Le 13 juin (heure de Moscou), selon TASS, le Premier ministre hongrois Péter Magyar a déclaré que le lancement des négociations d'adhésion de l'Ukraine à l'Union européenne (UE) le 15 juin n'était que la première étape d'un processus long et complexe, qui pourrait prendre de nombreuses années à achever.
Selon TASS, la Hongrie a retiré son opposition au processus d'adhésion de l'Ukraine à l'UE après que Kiev a accepté de restaurer et de garantir les droits de la communauté hongroise dans la région de Zakarpattia conformément à l'accord entre les deux pays.
L'Ukraine a officiellement inclus les termes de l'accord Hongrie-Ukraine dans le plan d'action élaboré dans le cadre du processus d'adhésion à l'UE. Cela signifie que la mise en œuvre des engagements liés aux droits de la communauté hongroise à Zakarpattia répondra également aux exigences de l'UE", a déclaré M. Magyar à la télévision nationale.
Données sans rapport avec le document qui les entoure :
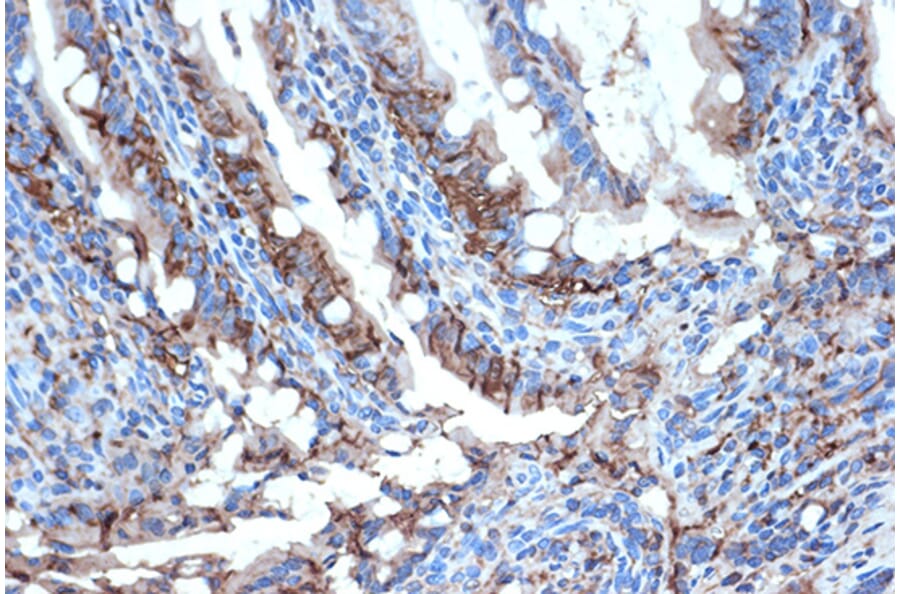 Immunohistochemistry - Anti-I-FABP Antibody [ARC1343] (A306889) - Antibodies.com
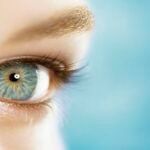 Strabismus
Le dirigeant hongrois a déclaré que la mise en œuvre des engagements de Kiev serait régulièrement surveillée par la Commission européenne (CE) et le Conseil européen dans les temps à venir.
Si l'Ukraine ne remplit pas pleinement ses obligations relatives aux droits de la communauté hongroise minoritaire, elle ne pourra pas aller plus loin dans son processus d'adhésion à l'UE", a-t-il averti.
Selon M. Magyar, l'ouverture du premier groupe de négociations ne signifie pas que l'Ukraine deviendra bientôt membre de l'UE.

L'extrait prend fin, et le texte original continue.